The other thing that contemporary Egyptians and Libyans have in common is that both have lived for long periods under authoritarian rule. Hosni Mubarak, until his recent cessation of rule (it may be more accurate but unnecessarily unkind to say his overthrow), had been in charge of Egypt for 32 years; Muammar Qaddadi, by contrast, has beenin power for 42 years of, shall we say, unsaintly rule. His passing from the roster of world heads of government will likely be lamented even less than Mubarak’s.

Both of these former air force officers presided over governments that were cruel, corrupt, and highly authoritarian, and it is little wonder that both accumulated–at least among those of their detractors they did not kill–a sizable level of opposition. In Egypt, the opposition congregated in Tahrir Square and grew (was allowed to grow?) until it reached such proportions that Mubarak was forced to step aside. Qaddafi, maybe learning from what transpired across his border, offers no such quarter to his growing opposition. When his own troops have shown reluctance to slaughter their fellow citizens, he has simply hired outside goons with no such compunction to do the dirty work. As the anti-Qaddafi revolution moves closer to Tripoli, Qaddafi is hunkering down and vowing to fight to the death. No graceful exit appears possible here, as in Egypt.

The two dictators do indeed offer different tales as power has slipped through their fingers. Mubarak always had the flair and charisma of your average mop handle, but when the inevitable began to surround him, he also had the dignity to step aside after seeing his pleas to his fellow citizens to let him stay rejected in the streets. He may have had to resign in some level of disgrace, but at least he has accepted his fate. How the Egyptian people will ultimately deal with him is uncertain, but it is unlikely the disposition will be as violent as the fate that met Saddam Hussein.

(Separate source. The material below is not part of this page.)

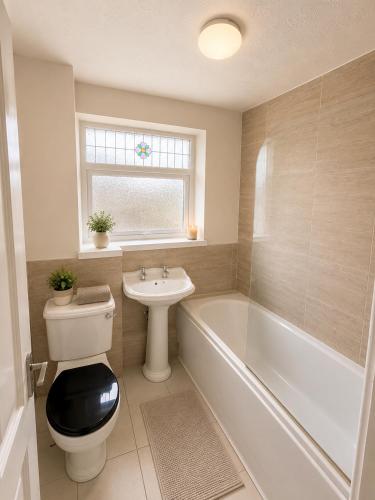 a bathroom with a toilet and a sink and a bath tub at Ellington Escape in Ellington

Qaddafi, however, is displaying the same kind of psychotic bravado that he always hasas the flames lick at his heels. Qaddafi is, and always has been, flamboyant, from his outlandish dress to his Castro-like (and length) rants about all who were out to get him. Mubarak will be remembered, Soviet-style, for his black suits, white shirts, and black ties; Qaddafi will be remembered for looking like something out of Haight-Ashbury during the height of the drug culture. He says he plans to live and die in Libya; it looks increasingly like he had better choose between the latter or living out his life somewhere else.

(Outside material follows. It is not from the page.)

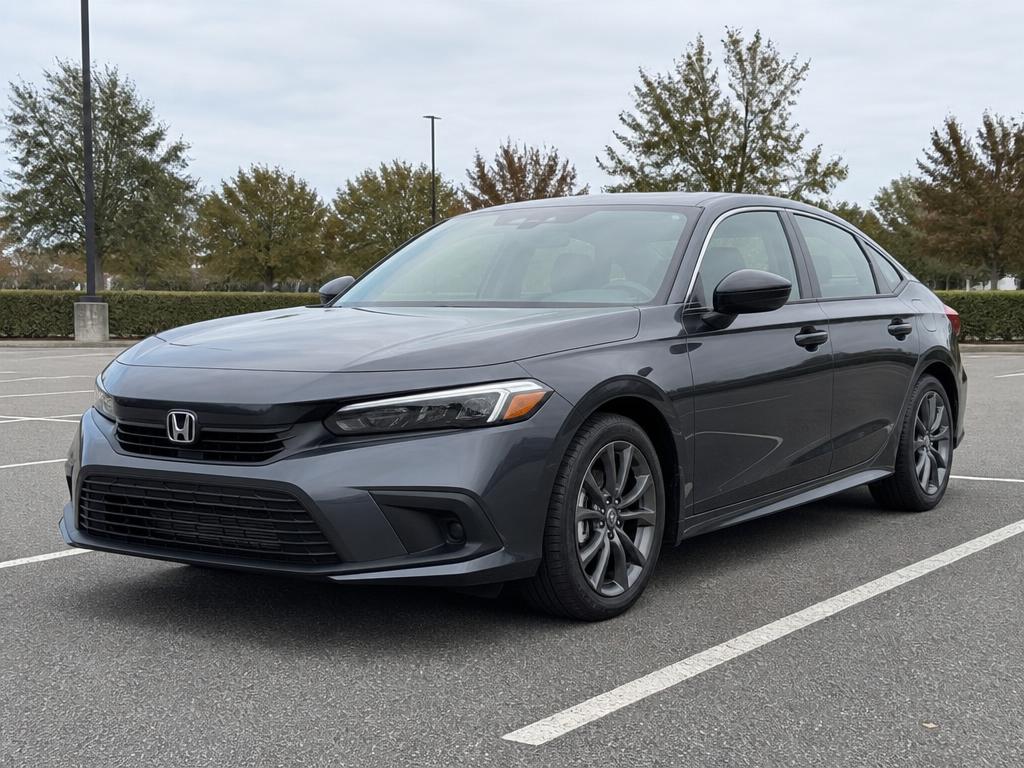 Gray Honda Civic sedan available for weekly rental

The other thing that strikes me about the contrast between the two people and places is how the United States is dealing with them. President Obama has been criticized (I think unfairly) for being too slow to dump Mubarak and come over to the revolution against him. This represents, in my view, two contradictory characteristics of American relations with Mubarak and a whole lot of other dictators with whom we have dealt in the past. The first, and guiding characteristic, has been that these dictators have been loyal allies, willing to cooperate with the United States in whatever we asked or demanded of them, whether it be opposition to communism or terrorism or, in the case of Egypt, making nice with Israel. This has, in turn, led to the second characteristic, which has been an American policy that has looked the other way regarding the untoward behavior of our friends and allies (while working behind the scenes to get them to clean up their acts). The result has been to align ourselves with regimes who support our geopolitical preferences but whose behavior toward their own citizens violates all or most of what Americans stand for. When things come unravelled, we are thus stuck with the dual emotions of gratitude for friendship and loathing of the records of our friends (and thus support for those who seek to overthrow them).

None of this is a problem with Qaddafi. He has never been a friend or ally of the United States–if anything, he has always been our opponent. It was his regime, after all, that blew up the Berlin nightclub that became a major reason for our 1986 air strike against him and the attack on Pan Am Flight 103 over Lockerbie, Scotland (which was at least in part a retaliation for the 1986 raid). Qaddafi has, in recent years, backed away from some of his more egregious behavior (e.g. weapons of mass destruction programs), but has never been anything resembling a friend (and we get hardly any oil from him). 

In these circumstances, there are no nostalgic obligations to come to the aid of an old ally as the Libyan noose tightens around the dictator’s neck. Instead of hedging and softening our criticism because we owe him for past favors, we are free to denounce Qaddafi and enthusiastically join the chorus demanding his removal, as the President has done. Having stayed out of the Libyan muck, we don’t have to take a shower before joining the dissent, and there is no hypocrisy in our support for transplanting American values onto another shore.  That, of course, feels pretty good. Maybe it even suggests which tale to replicate in dealing with tomorrow’s dictators and their inevitable decline. Just a thought.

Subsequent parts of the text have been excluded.